The partnership was announced on Thursday in a joint press release from the SeaLife Center and the Alaska Chadux network.
“We have been working on leveraging our unique response systems into an oiled marine mammal response program that not only meets the requirements of various state and federal agencies but also of those companies who benefit from our oil spill preparedness and response capabilities,” Chadux Network President and CEO Buddy Custard said in the release. “Our experience confirms that collaborating with professional organizations such as the Alaska SeaLife Center is the most effective way to sustain specialized services in our oil spill response inventory.”
Custard told the Clarion on Friday that the partnership is “groundbreaking.”
“We’re very excited about this,” Custard said. “We are now extending wildlife rehabilitation all the way out to Western Alaska. And as you know Alaska is home to many species that are endangered or threatened, so we want to make sure we can protect those species for generations to come.”
Western Alaska, Custard said, incorporates the coastline from Point Barrow in the northernmost region of the state all the way down to the end of the Aleutian Islands chain. The partnership with the SeaLife Center comes at a time when shipping in activity in the region is expected to increase, as the Arctic ice continues to melt and recede.
“Because the sea ice is receding, that’s expanding shipping lanes up north,” Custard said. “Which means there’s going to be more and more encounters up there with marine mammals and shipping, as well as an increased risk of a potential oil spill up in those regions.”
Chip Arnold, who is the COO of the SeaLife Center and has been the administrator of its oil spill response program for about 11 years, said that center did not have the capability to respond to oil spills when it was first created in 1998. Because the SeaLife Center is the only authorized marine mammal stranding facility in the state, however, personnel knew that they would be responding to oil spills at some point, Arnold said.
“Around 2010, we started interacting with Alaska Clean Seas, another organization that responds to oil spills,” Arnold said. “We knew we would be involved. It was never a question of if we were going to respond. We are going to respond.”

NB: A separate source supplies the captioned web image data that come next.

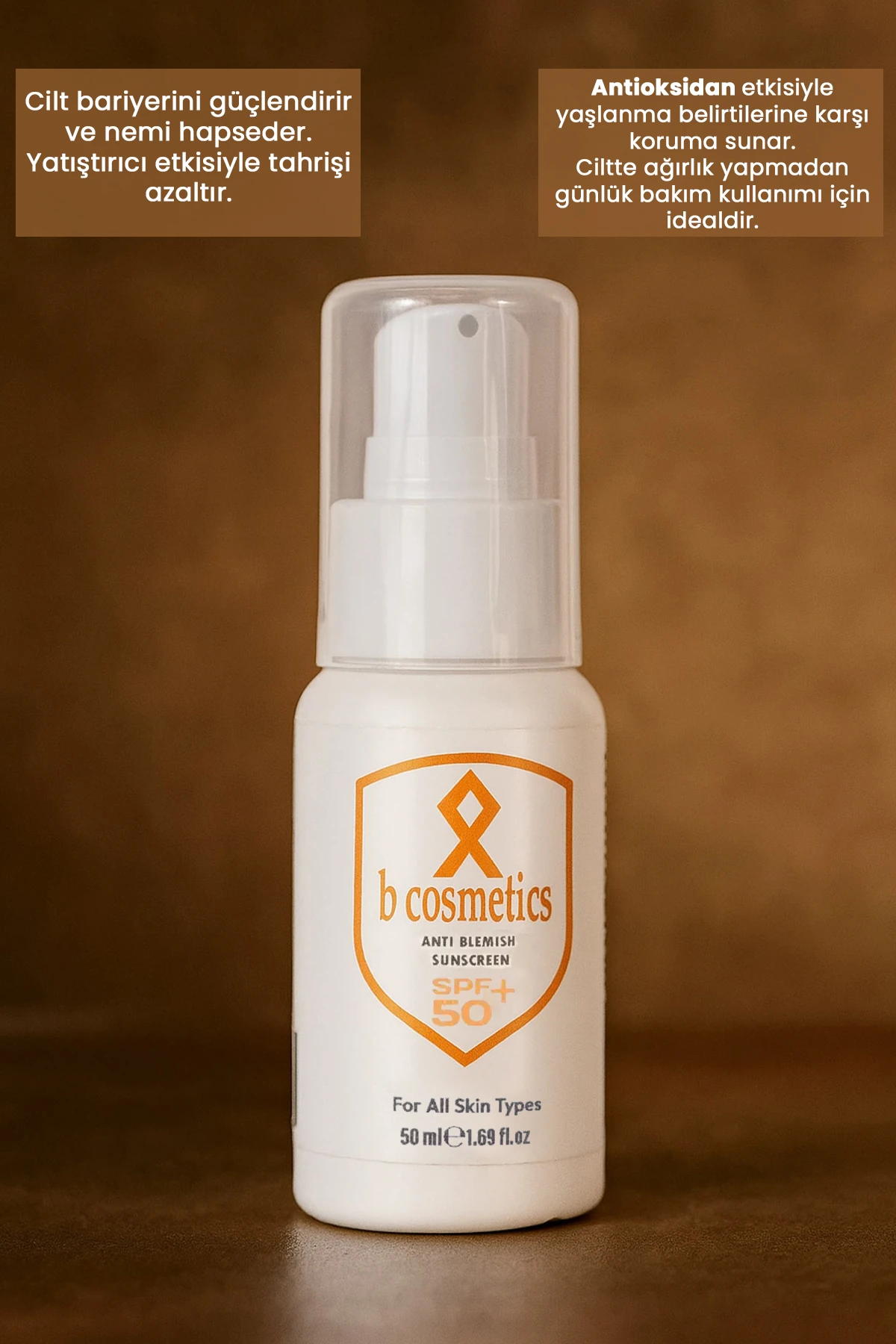 Orange Oil Sunscreen SPF 50+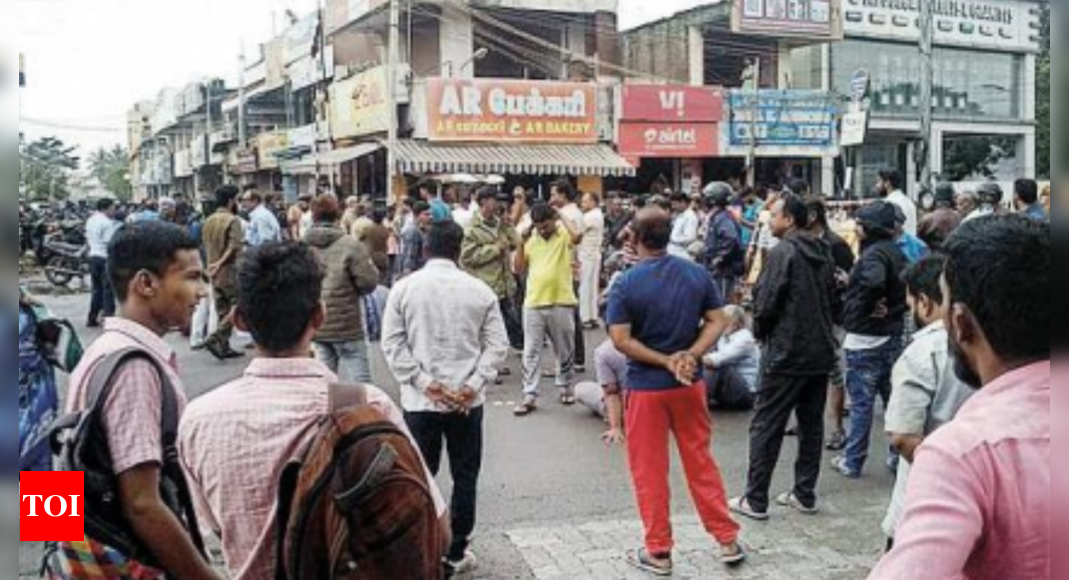 कुनियामुथुर निवासी ब्लॉक पलक्कड़ रोड |  कोयंबटूर समाचार – टाइम्स ऑफ इंडिया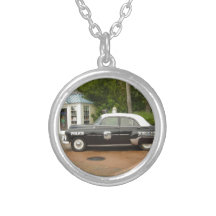 De 'politiewagen van 51 Chevrolet Gepersonaliseerde Ketting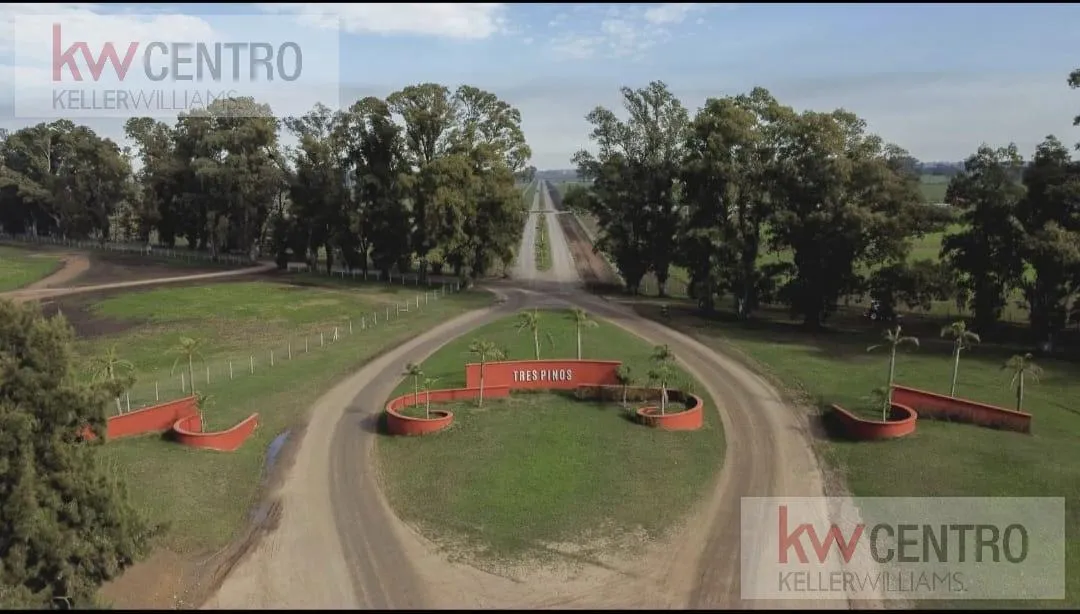 Terreno en Los Tres Pinos | Countries/B.Cerrado (G. Rodriguez)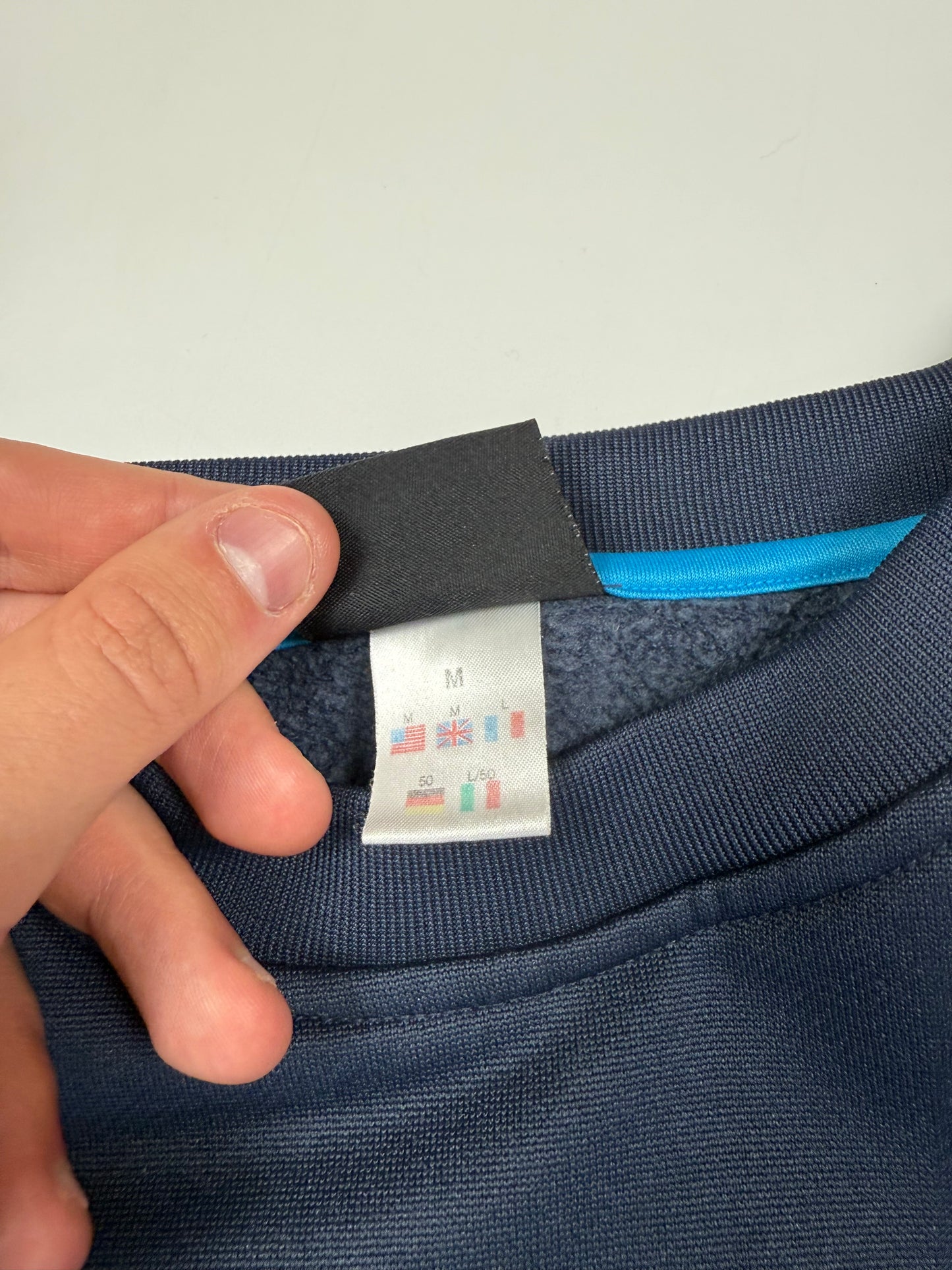 Vintage Manchester City 2004/05 Reebok football sweatshirt (M)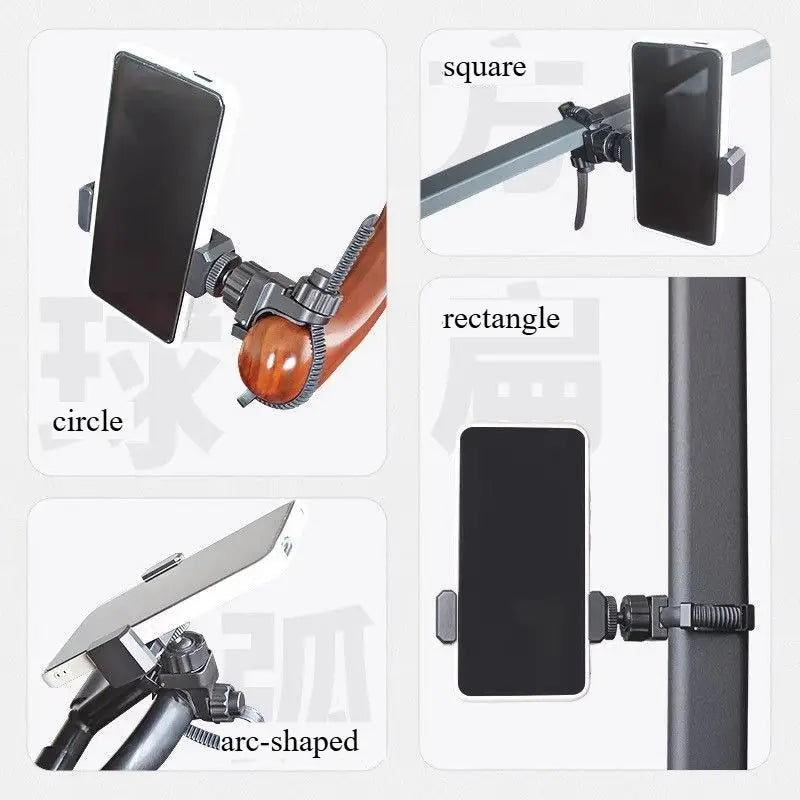 New product: Sheet music phone stand portable suitable for outdoor performances trumpet clarinet and wind instruments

Since that time, Arnold said, the SeaLife Center has developed the infrastructure and the personnel to treat marine mammals affected by oil spills, including eight mobile conex containers for transportation and a specialized cleaning station at the center’s facility in Seward.
Arnold said that SeaLife Center wouldn’t be hiring any additional personnel as part of the partnership with the Chadux network, instead calling upon the more than 430 qualified responders across the country that the SeaLife Center has helped train over the last several years. In the event of an oil spill, Arnold said, these qualified responders are ready to “drop everything” on short notice and fly to Alaska to assist with relief efforts.